### [DIRECTIONS FOR THIS TASK]
All entries should be copied exactly; the pictures stay out.
━━ SUPPLIED MATERIAL ━━
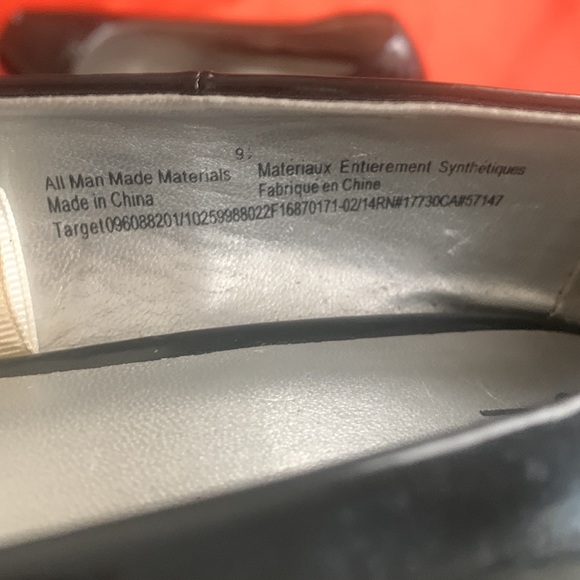 Used at the office. - Picture 2 of 3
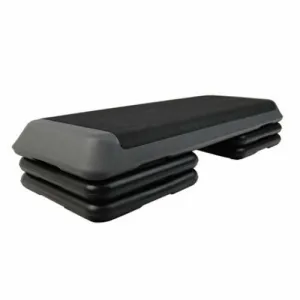Aerobic Step - 4 Step Riser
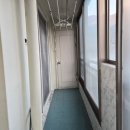 수민공인중개사사무소 이미지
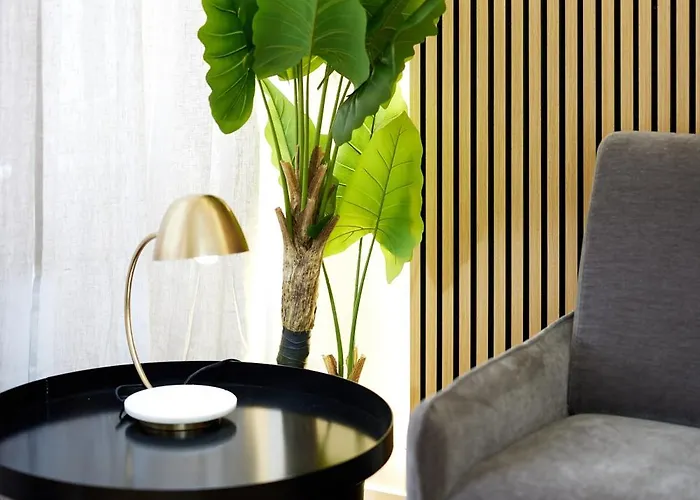 Duomo Imperial Suits - Modern And Comfortable Apartament Mediolan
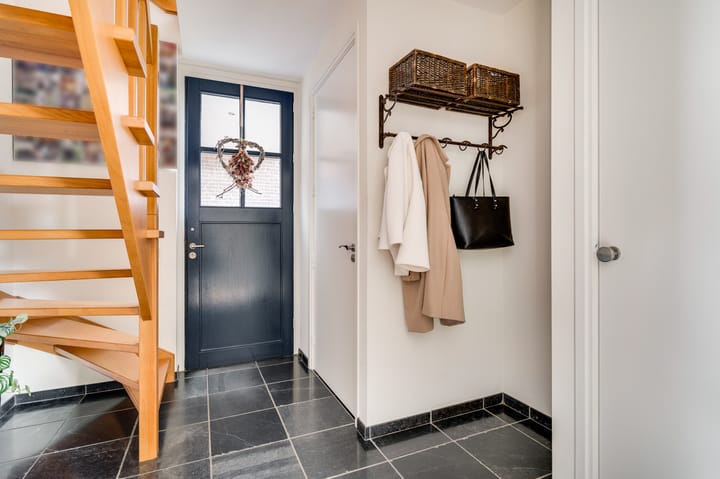 Foto 15 van Hinkert 14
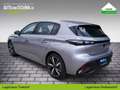 Peugeot 308 Active PK Hyb.180 AT8 Grau - thumbnail 3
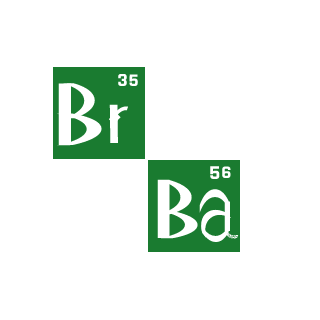 leotheboss67's emblem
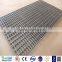 Hot Galvanized Steel Grating(Factory)ISO Grating Mesh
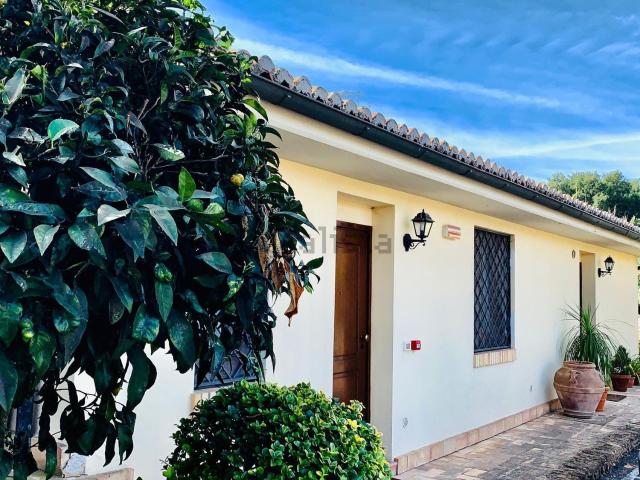 Appartamento in affitto di 29 m² in Via DEI CARAFA, 164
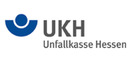 Logo Unfallkasse Hessen in Frankfurt am Main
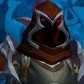 Tacø avatar
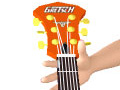 Gretsch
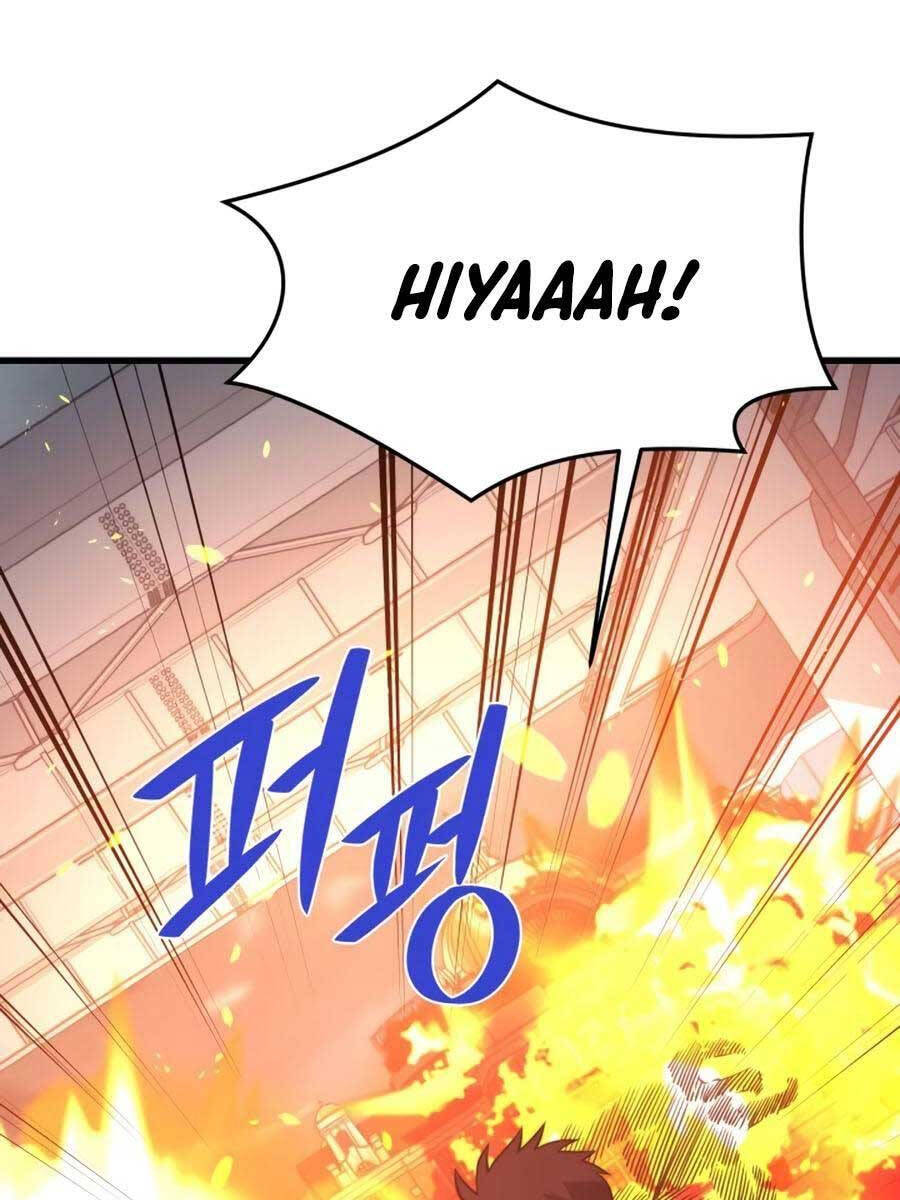 Seoul Tử Linh Sư Chap 82 - Next Chap 83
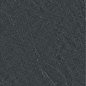 Ground Black Rect Matt 60x120 Bonaparte
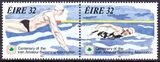1993  100 Jahre Amateur-Schwimmverband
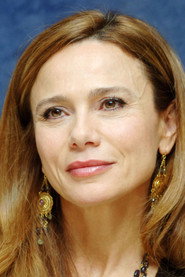 Lena Olin — მსახიობი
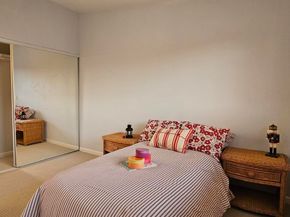 444 Schafer Rd, Hayward CA 94544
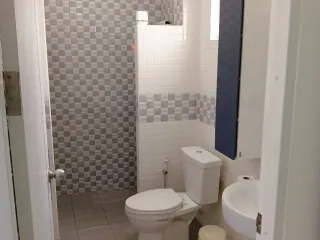 Casa en venta de 2 habitaciones en Hua Hin, Prachuap Khiri Khan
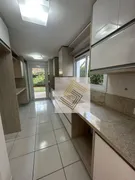 Casa de Condomínio com 4 Quartos à venda, 200m² no Loteamento Residencial Vila Bella, Campinas - Foto 8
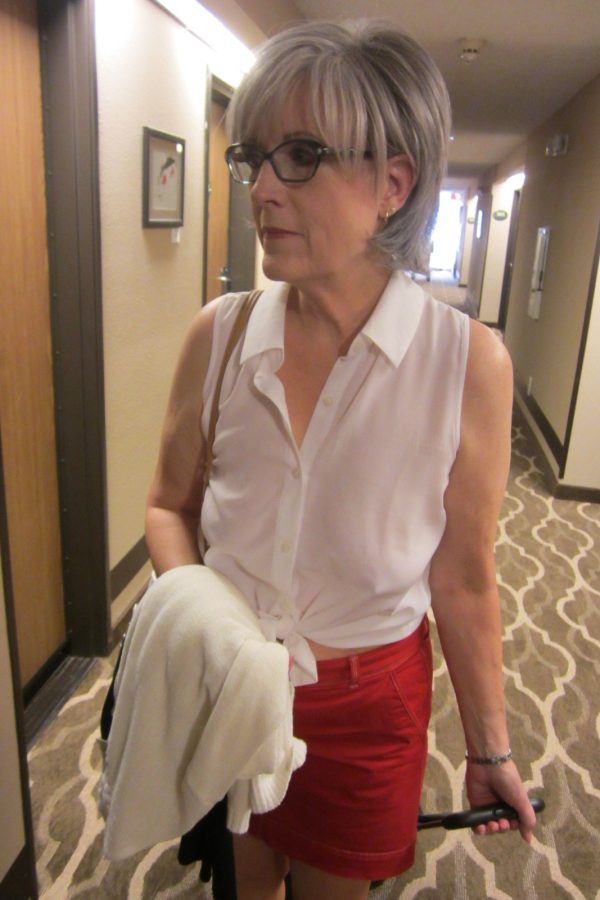 rencontre-Cougar-Paris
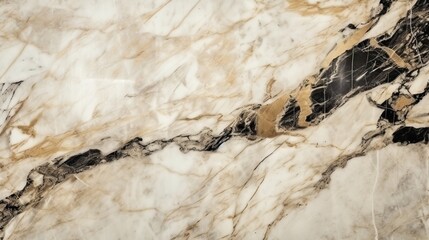 Natural Marble texture background. Marbling texture design. Abstract backdrop of marble granite stone. generative ai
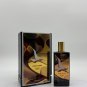 Memo Ocean Leather 75 ml - 2.5 fl.oz. Spray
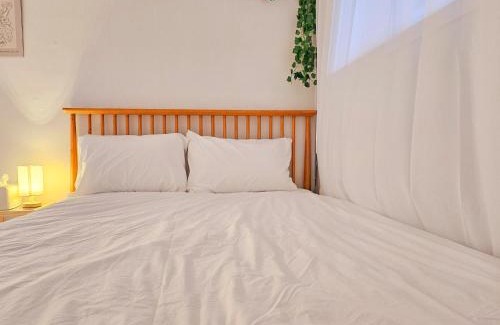 Seorim-dong Apartment | COZY in stay 서울대벤쳐타운역 도보5분 신림 서울대
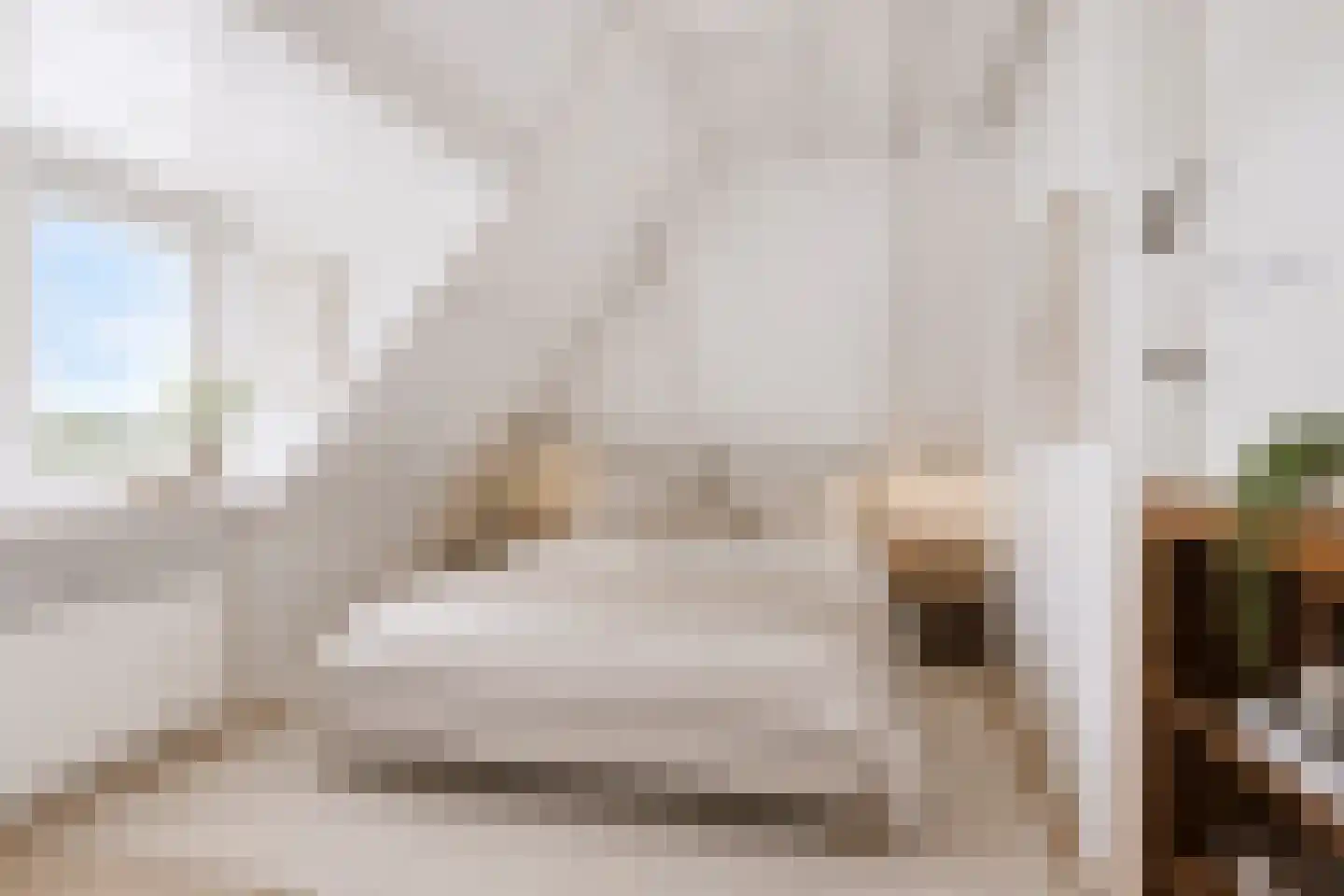 Leijester Hegedyk 52 Alde Leie thumbnail 32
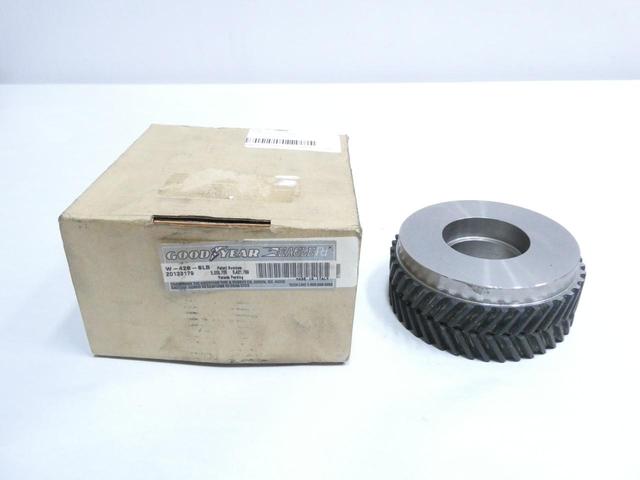 GOODYEAR W-42S-SLB EAGLE PD SLAB SPOCKET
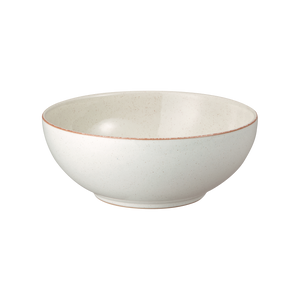 Denby Heritage Atrium Cereal Bowl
━━━
### [TASK SOLUTION]
 Used at the office. - Picture 2 of 3
Aerobic Step - 4 Step Riser
 수민공인중개사사무소 이미지
 Duomo Imperial Suits - Modern And Comfortable Apartament Mediolan
 Foto 15 van Hinkert 14
 Peugeot 308 Active PK Hyb.180 AT8 Grau - thumbnail 3
 leotheboss67's emblem
 Hot Galvanized Steel Grating(Factory)ISO Grating Mesh
 Appartamento in affitto di 29 m² in Via DEI CARAFA, 164
 Logo Unfallkasse Hessen in Frankfurt am Main
 Tacø avatar
 Gretsch
 Seoul Tử Linh Sư Chap 82 - Next Chap 83
 Ground Black Rect Matt 60x120 Bonaparte
1993  100 Jahre Amateur-Schwimmverband
 Lena Olin — მსახიობი
 444 Schafer Rd, Hayward CA 94544
 Casa en venta de 2 habitaciones en Hua Hin, Prachuap Khiri Khan
 Casa de Condomínio com 4 Quartos à venda, 200m² no Loteamento Residencial Vila Bella, Campinas - Foto 8
 rencontre-Cougar-Paris
 Natural Marble texture background. Marbling texture design. Abstract backdrop of marble granite stone. generative ai
 Memo Ocean Leather 75 ml - 2.5 fl.oz. Spray
 Seorim-dong Apartment | COZY in stay 서울대벤쳐타운역 도보5분 신림 서울대
 Leijester Hegedyk 52 Alde Leie thumbnail 32
 GOODYEAR W-42S-SLB EAGLE PD SLAB SPOCKET
 Denby Heritage Atrium Cereal Bowl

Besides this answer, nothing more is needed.